Althrough its science-focused programs and summer camps, students use the lab's fabrication technology to construct 3D-printed designs and objects.
For its keystone event, though, children are able to take out their creations for a day of racing.
60 teams and around 160 children grades K-12 will compete in the Fab Lab's 2022 RC Custom Car Open starting April 1. The race teams have spent months designing and creating race cars out of materials at the lab.
The weekend events start with a design competition before the big race on April 2.
But the big race is final stage of months of planning, preparation and passion for the young racers, the high schoolers who put together the event and the adults who oversee them all.
"Race day is exciting but it's really more than that," Faulhaber Fab Lab Director of Marketing Jenn Sams Scott said. "It's a culmination of months of work. It's more a program than an event. … It realizes the potential that (kids) can bring any idea to life."
Teams begin with identical basic remote control cars and from there exercise free rein to build a design on top of the shell.
Team Targa, composed of homeschooled students Vinicius Sena Barney, Avi Snyder and Liam Snyder, are focusing on their car's aesthetics two weeks out from the race— the trio have turned their RC car into a jungle showcase with tigers, bumblebees, 3D-printed foliage and more.
It's the trio's first crack at the tournament. Much of their weekend work at the lab has been at tables near the smashed and broken shells of past year's race cars. The small graveyard of makeshift machines weighs heavy on Vinicius Sena Barney in the week's leading up to competition.
"It's a reason I'm anxious not to lose the race," Barney said. "We don't want our car to end up (damaged)."
Team Targa has put its car together and has thought about who will drive it come April 2.
"We had a team meeting and made plans," said Liam Snyder, 8 years old. "We did a test drive and Avi was the best."
Snyder will race their car on the big day, and is feeling exciting about the chance. He's just looking forward to shoot his team's car high into the air off some ramps.
Team TouCannons — originally named after a Toucan by members Nikolas Eckert, Sam Li and Noah Hoff — created a tiger car that they've been practicing with each weekend. Nikolas Eckert, 11, raced in last year's competition and wants to do better this year.
"I'm excited for the drift," Eckert said.
The racers have the right heart, but what's passion for racing without a racetrack to contain it?
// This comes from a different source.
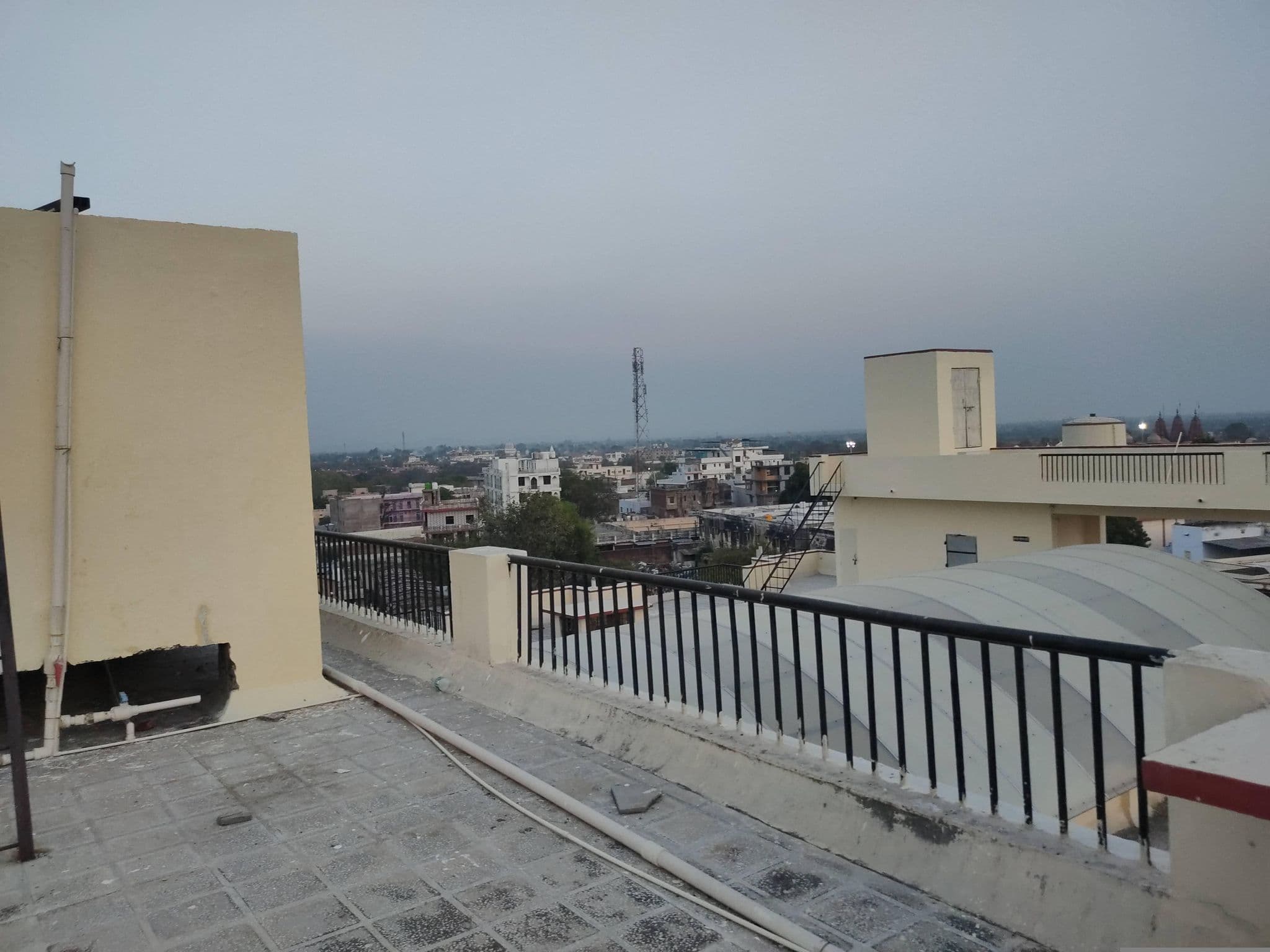 Street view near Lala Umrav Singh Jain Dharmashala, Hindaun — © nirabpudasaini (CC BY-SA · Mapillary)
The student executive committee handles that, just as they handle just about every other part of the race. The theme, the layout and construction all fall on the high school students that volunteer their time to make it happen.
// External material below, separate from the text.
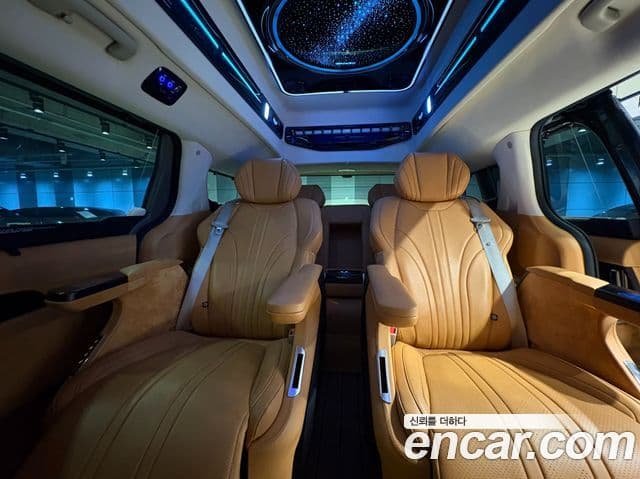 Kia Carnival 2024 — Photo 38/44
Emre Muessemeyer, a 17-year-old Pine View School student, is working through his first year as a committee member. He admits he hadn't had much workshop experience before volunteering at the lab, but that's changed since he started in September.
Muessemeyer has put hours into a large axe pendulum structure, spending several hours a day over the last couple weeks carving the pieces out of foam with a laser cutter and hooking up the wiring to have the axe swing back and forth as part of the race's start gate.
Seeing his idea for a pendulum turn into something real has given Mussemeyer a sense of satisfaction.
"It started as a silly idea and now we're actually going to hit the cars with this axe," Mussemeyer said.
The Faulhaber Fab Lab staff has to keep a wrangle on the many energies and ideas that fill the lab each weekend.
Lab manager Eric McGrath, Scott herself and other adults in the room all take shifts at the lab to handle the fabrication technology and keep watch over the many hyper children in the lab.
"Our committee has 19 students, more than we've ever had before," Scott said. "It's almost like herding cats."
One of her biggest prides, though, is seeing students that started off as young racers grow up and join the planning committee to help the next generation.
"It's a beautiful, full-circle moment," Scott said. "Over half of our committee were past racers."